New York, NY (May 12, 2017)–New lung "organoids"–tiny 3-D structures that mimic features of a full-sized lung–have been created from human pluripotent stem cells by researchers at Columbia University Medical Center (CUMC). The team used the organoids to generate models of human lung diseases in a lab dish, which could be used to advance our understanding of a variety of respiratory diseases.

A paper detailing the discovery was published in the April 24 online issue of Nature Cell Biology.

Organoids are 3-D structures containing multiple cell types that look and function like a full-sized organ. By reproducing an organ in a dish, researchers hope to develop better models of human diseases, and find new ways of testing drugs and regenerating damaged tissue.

"Researchers have taken up the challenge of creating organoids to help us understand and treat a variety of diseases," said Hans-Willem Snoeck, PhD, professor of medicine (in Microbiology & Immunology) at CUMC and lead investigator of the study. "But we have been tested by our limited ability to create organoids that can replicate key features of human disease."

The lung organoids created in Dr.
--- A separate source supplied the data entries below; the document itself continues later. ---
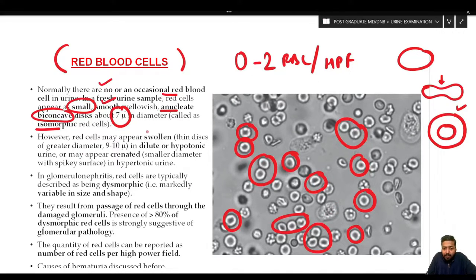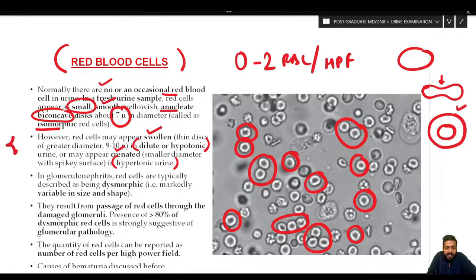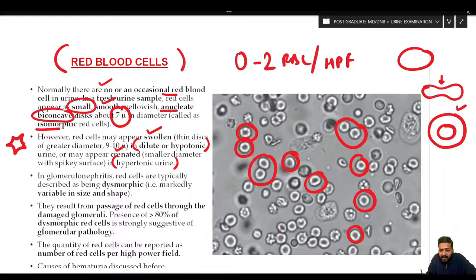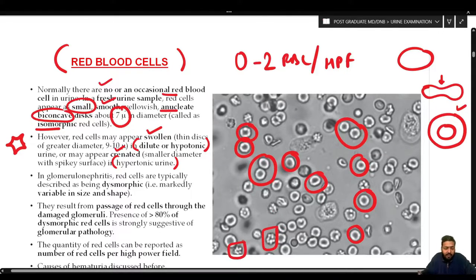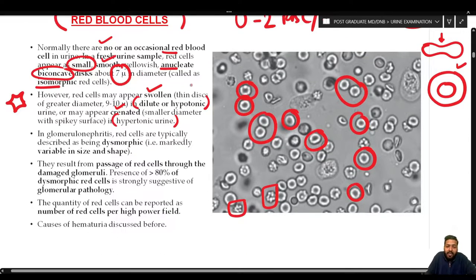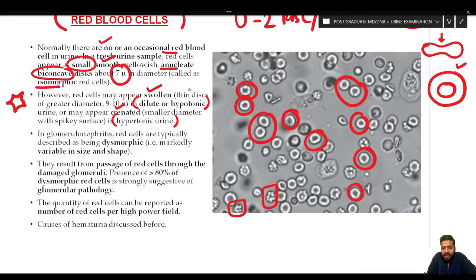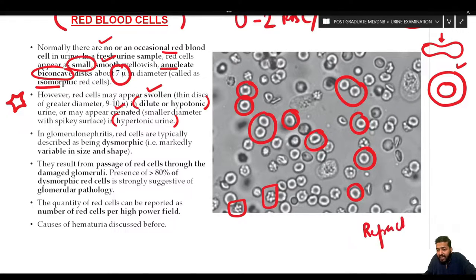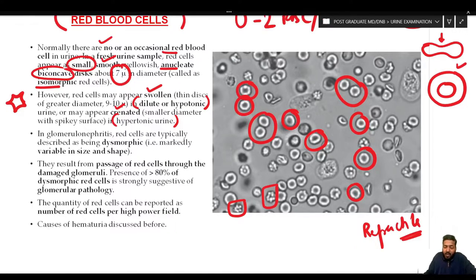Red cells may appear swollen if the urine is dilute or hypotonic, or crenated if present in hypertonic urine — crenated RBCs have an irregular spiked appearance. RBCs are refractile in nature, meaning if you change the fine and coarse adjustment they appear to shine. All different causes of hematuria will show RBCs in urine.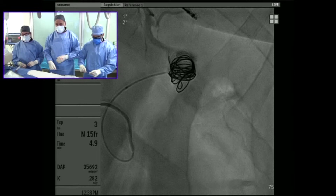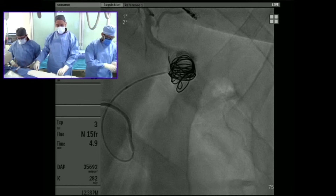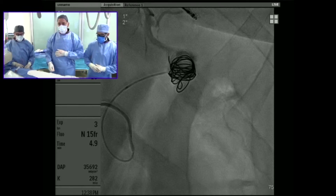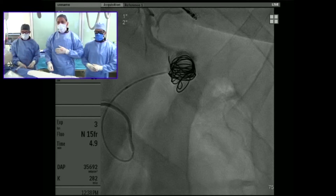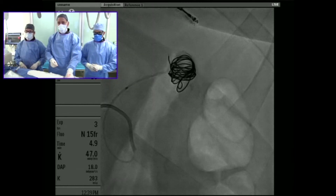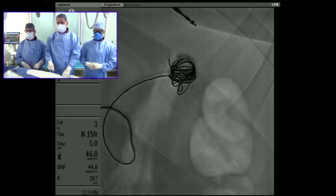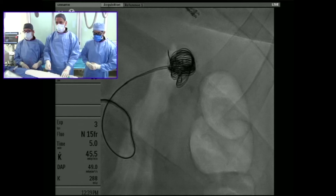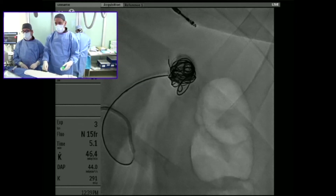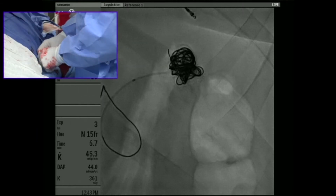The next coil we're using is a smaller coil, which we push through. This is a very helpful coil for patients who are on anticoagulation because it doesn't rely on the clotting cascade to thrombose the vessel. As you can see, I'm pushing this coil with the pusher wire and once I get into the sac I'm filling in the gaps where the framing coil created the scaffold.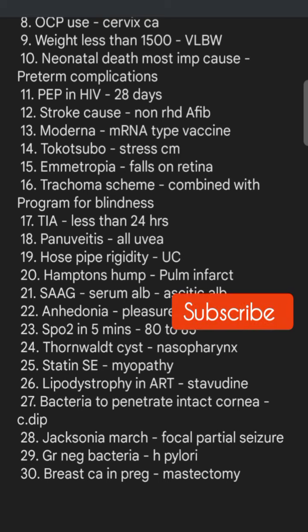Thornwaldt cyst is seen in the nasopharynx. Statin side effect is myopathy. Lipodystrophy is most commonly seen with stavudine. Bacteria that can penetrate intact cartilage is Clostridium — not Pseudomonas. Jacksonian march seizures are focal partial seizures. The gram-negative bacteria given in the options was H. pylori. In breast cancer in pregnancy, the thing to do is mastectomy.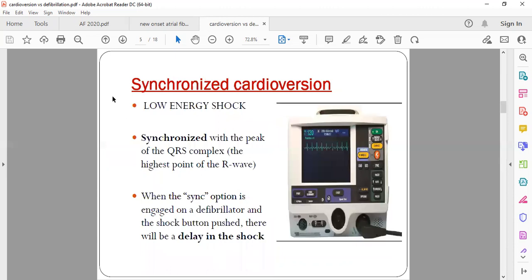Now coming to cardioversion. Cardioversion is a low-energy shock — the mechanism is similar, using two pads in biphasic mode to deliver a shock, but the amount of shock delivered is much less. These patients are generally much more stable than cardiac arrest patients. They may have a lot of tachycardia or some abnormal rhythm but are stable — meaning they are conscious, talking, BP may be good, and pulse is detectable. These relatively stable patients are managed with synchronized cardioversion, which delivers a low-energy shock.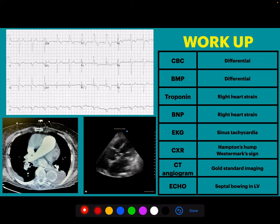The next step is your workup. Pulmonary embolisms fall under the chest pain differential. This would include a CBC, BMP, and cardiac enzymes. CBC and BMP help look for other things on the differential. Troponin is a marker of right heart strain, which becomes important when classifying PEs, as does BNP. On EKG, the most common abnormality is sinus tachycardia, but there's also the S1Q3T3 pattern, T-wave inversions in the precordial leads, and evidence of right bundle branch block.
Snoeck's lab are the first to include branching airway and alveolar structures, similar to human lungs.

To demonstrate their functionality, the researchers showed that the organoids reacted in much the same way as a real lung does when infected with respiratory syncytial virus (RSV). Additional experiments revealed that the organoids also responded as a human lung would when carrying a gene mutation linked to pulmonary fibrosis.

RSV is a major cause of lower respiratory tract infection in infants and has no vaccine or effective antiviral therapy. Idiopathic pulmonary fibrosis, a condition that causes scarring in the lungs, causes 30,000 to 40,000 deaths in the U.S. each year. A lung transplant is the only cure for this condition.

"Organoids, created with human pluripotent or genome-edited embryonic stem cells, may be the best, and perhaps only, way to gain insight into the pathogenesis of these diseases," Dr. Snoeck says.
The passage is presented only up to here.